Our guests will focus discussion on journals including, but not limited to, “Souffle” and “Lotus.” “Souffle,” edited in Morocco at the beginning of the 1960s in French and Arabic, combined the search for new expressions of Islamic art with a strong political commitment to the Palestinian cause, whereas “Lotus”, edited in Cairo from the beginning of the 1950s, was devoted to literature as well as to the development of an Afro-Asian solidarity.

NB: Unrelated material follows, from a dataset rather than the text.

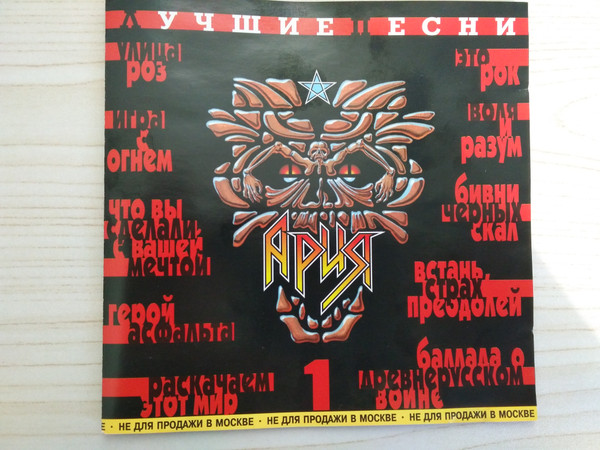 Лучшие песни 85 - 89 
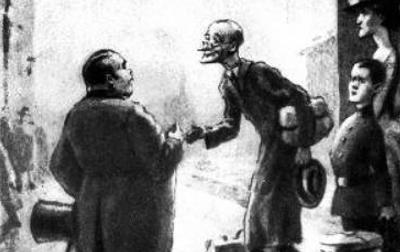 Толстый и тонкий – Чехов А.П. (аудиоверсия)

Participants of the discussion include: Kodwo Eshun (The Otolith Group), an artist and Afro-futurism specialist; Denis Ekpo, Professor of Comparative Literature at the University of Port Harcourt, Nigeria, and author of numerous texts on the subject of Post-African art; Nida Ghouse, critic and curator of Mumbai Art Room; Clare Davies, curator at the Museum of Modern Art, New York; and Jihan El-Tahri, Egyptian journalist and award-winning film maker.

Four short presentations will be followed by a discussion conducted by Katarzyna Bojarska with the editors of the book and the curators of the exhibition, Annett Busch and Anselm Franke.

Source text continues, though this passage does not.